Last week my Rebuild Macro colleague Doyne Farmer, asked “Are Business Cycles Chaotic?” Doyne’s answer is that economies are complex chaotic systems. He draws an analogy with meteorology and he compares the mathematics of business cycles to the science of the weather. I agree with Doyne on this point. But why do we care?
I wrote a piece on this topic, Not Keen on more Chaos in the Future of Macroeconomics, on my personal blog, Roger Farmer’s Economic Window. Although I agree that economies are chaotic systems, I do not agree with the way that Doyne proposes to address that issue.
Doyne uses the rocking horse metaphor that I discussed in depth in my book How the Economy Works. According to this metaphor, which dates back to Wicksell in the late nineteenth century, the economy is like a rocking horse shocked repeatedly and randomly by a child with a club. The behaviour of the rocking horse is nothing like the dynamics of the shocks; which are random blows with no intertemporal pattern. Nor is it like the behaviour of the rocker, which displays a smooth cyclical return to its rest point after any single shock. Instead, the rocking horse moves randomly through time in predictable ways. This is the way most conventional economists see the world.
Why is Doyne unhappy with the way most conventional economists see the world? In his own work, Doyne models complex systems with millions of interacting agents. He sees a parallel between his economic models and meteorological models of the weather. Chaotic systems never return to a single point: they keep moving in ways that, although deterministic, are nevertheless unpredictable.
In How the Economy Works, I argued that the rocking horse metaphor is a very bad approximation to a chaotic system because it makes a strong prediction that is contradicted by data. The rocking horse, if struck just once, always returns to the same point. The data do not. The US unemployment rate has wandered randomly between 3% and 25% but it does not return to a single point. Central Bank economists construct rocking horse models in which the unemployment rate fluctuates around a unique rate that they call the natural rate of unemployment. The natural rate of unemployment is a myth that does not, and has never, existed in the data.
The rocking horse is the wrong way to approximate a complex dynamical system. Is there a better one? I believe so. In my book How the Economy Works I provide an alternative narrative that I call the windy-boat metaphor. In this narrative, the economy is a sailboat on the ocean with a broken rudder. The wind blows the boat here and there and after a strong gust it never returns to the same point. The windy-boat metaphor leads to approximations to complex systems that, although simple, do not predict that the system is self-stabilizing. Instead it leads to models that display what mathematicians call hysteresis. Perhaps we will eventually have good models of the non-linear dynamics of real world economies. In the meantime, our simple models should provide good approximations to those dynamics that are not obviously contradicted by the facts.

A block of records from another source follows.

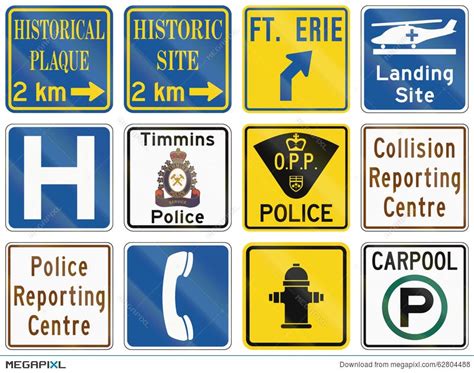 Guide Road Signs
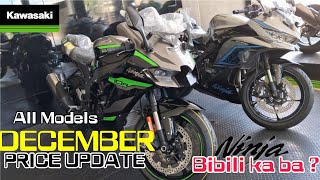 KUMPLETONG PRESYO December  KAWASAKI BIG BIKES 2024 New Models Alamin  Cash amp Installment [upl. by Bergren445]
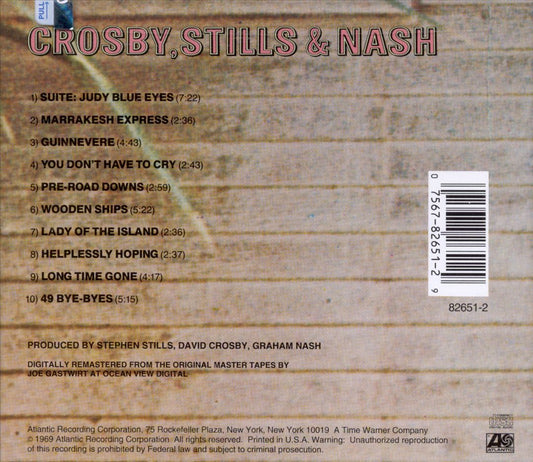 Crosby, Stills & Nash cover art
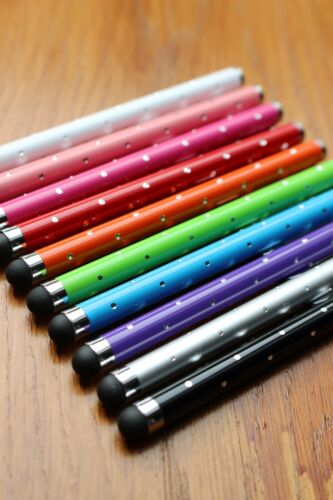 10x Bunt Stylus Touch Pen Strass Optik Tablet Handy Bedien Stift Glamour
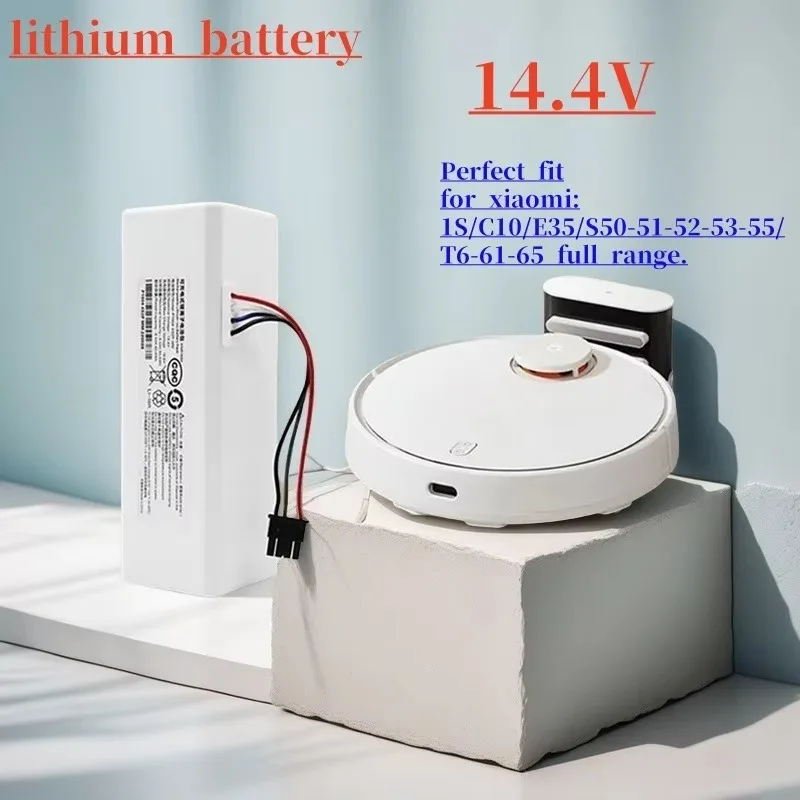 

Replacement Battery Packs 12800mAh 14.4V for XiaoMI Robotic Sweepers Li-ion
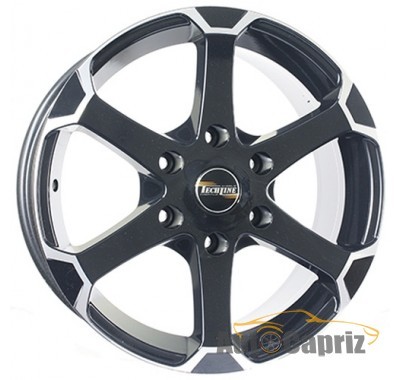 Диски TechLine 702 BD R17 W7.5 PCD6x139.7 ET38 DIA67.1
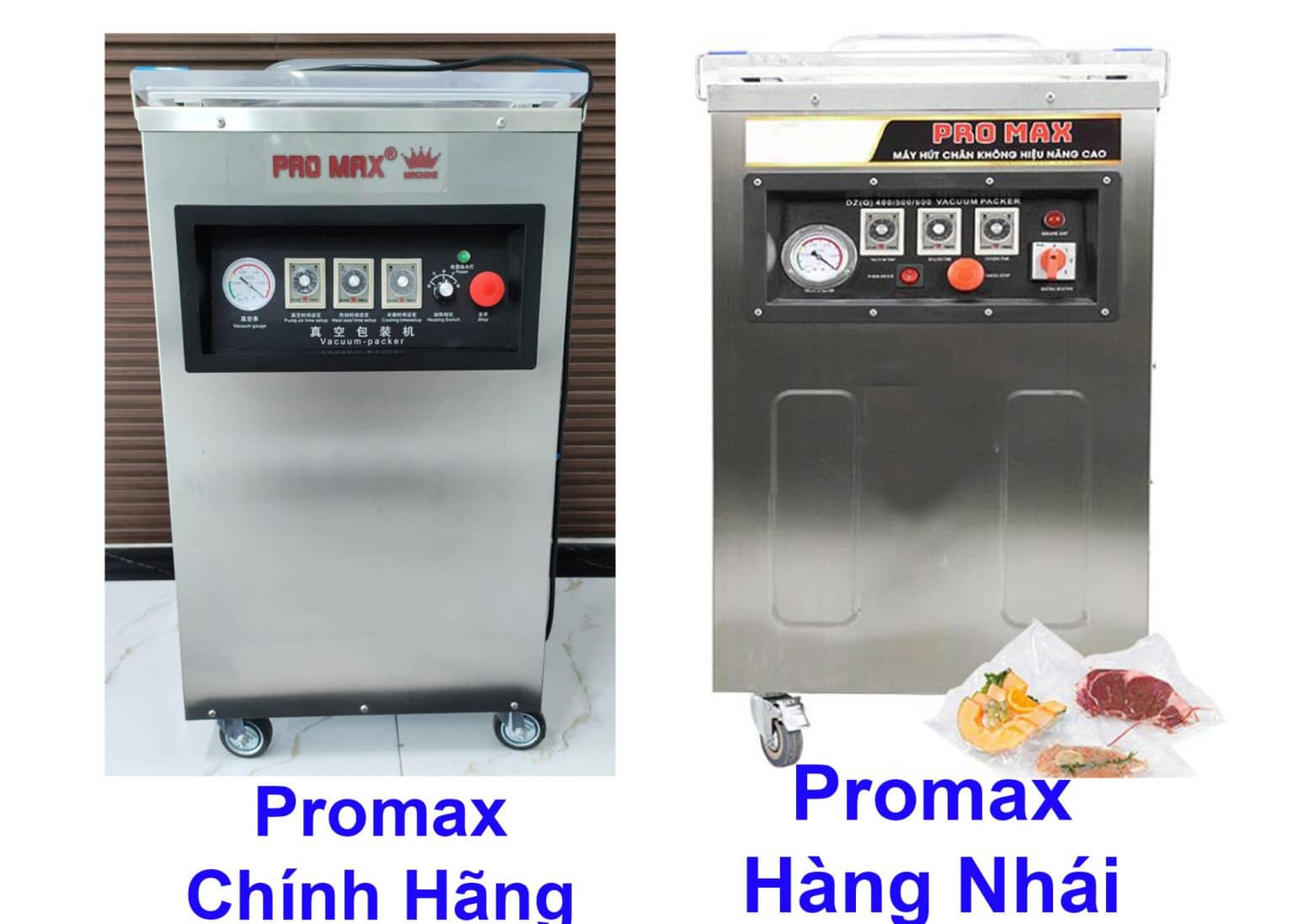 Phân biệt rõ máy hút chân không chính hãng và hàng nhái
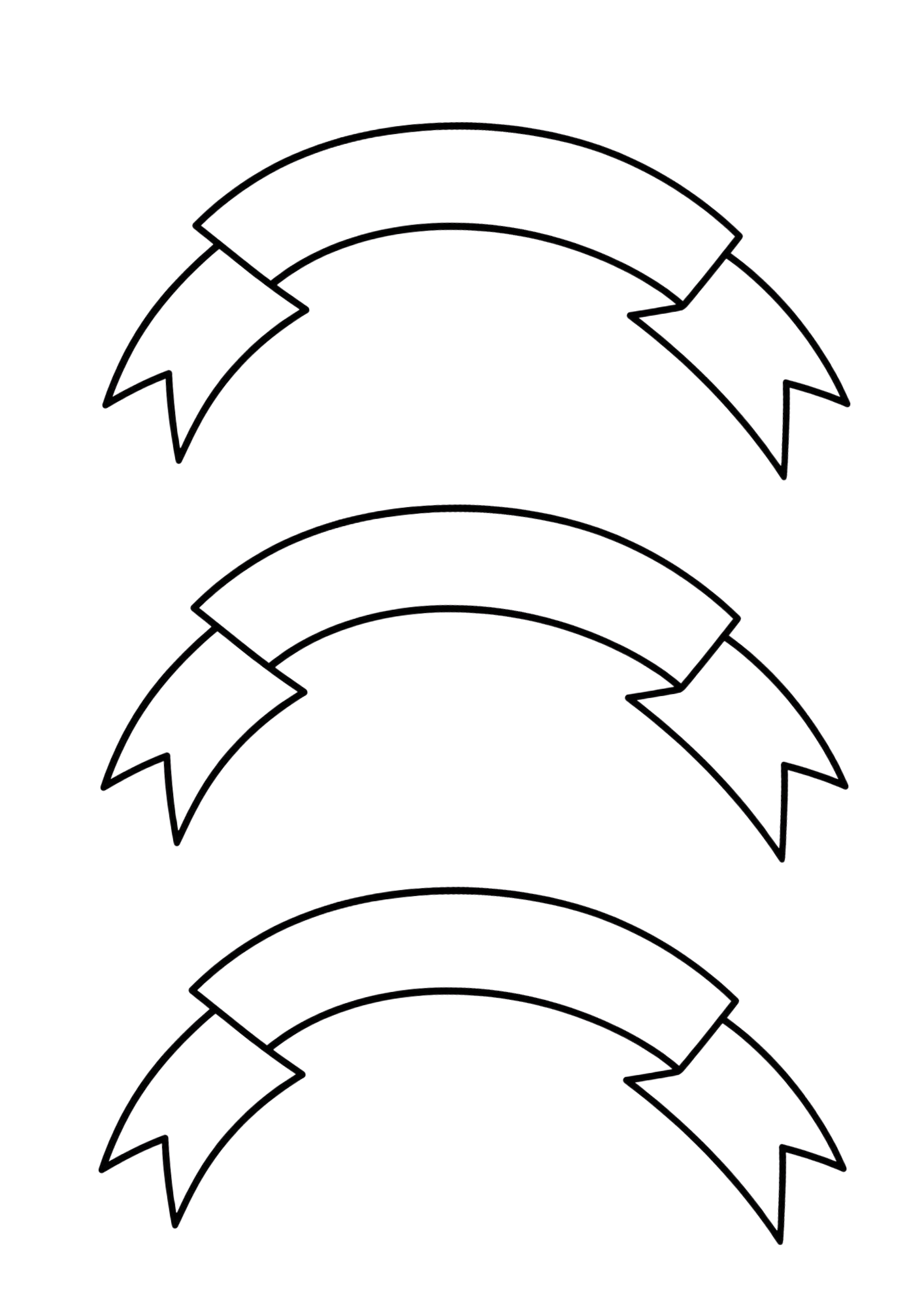 Printable blank ribbon template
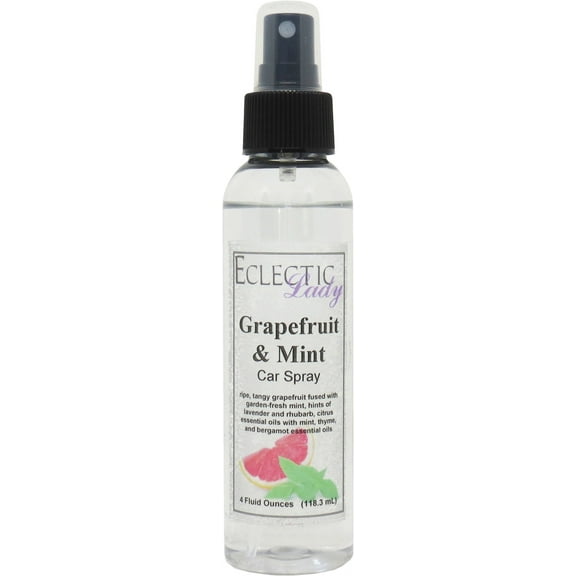 Grapefruit and Mint Car Spray, 2 ounces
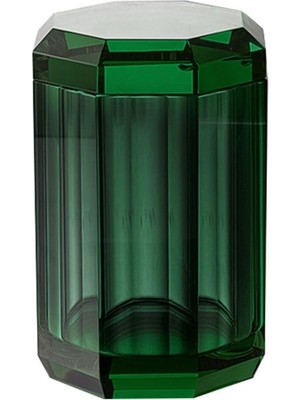 Hakay System Cyrstal Bath Accessory Cotton Box Green Yeşil Tek Ebat BA2050 024 C5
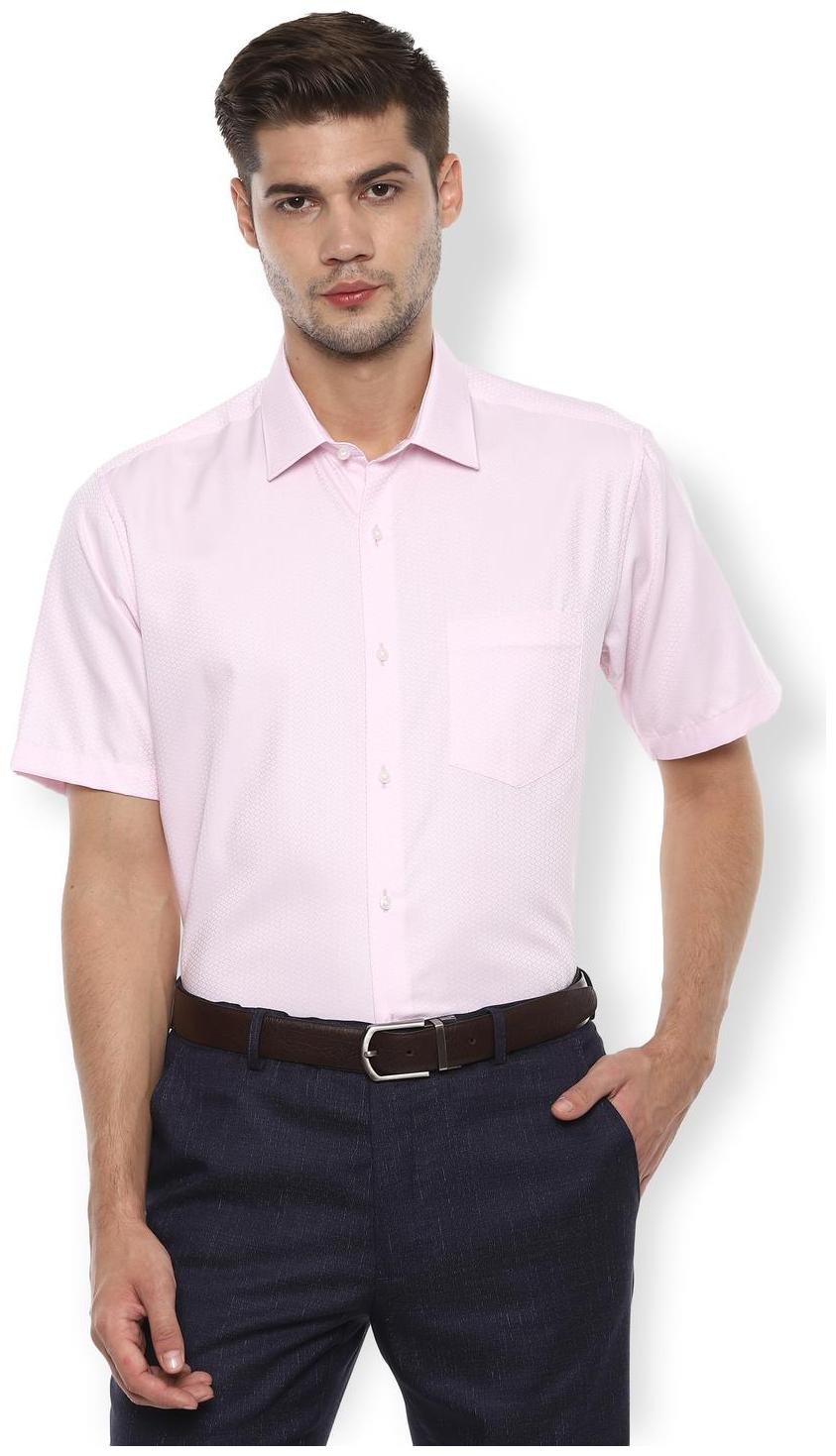 

Van Heusen Men Regular fit Formal Shirt - Pink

Conventional macroeconomists approximate the world with the rocking horse model. That is one way of cutting the Gordian knot of complexity theory. But, as Doyne points out, it leads to some pretty silly conclusions. In my work, I replace the rocking horse model with a simple alternative. The windy-boat metaphor makes sense of chaos. It predicts many of the simple correlations we see in data and it provides a viable model of real-world economies that fits the facts.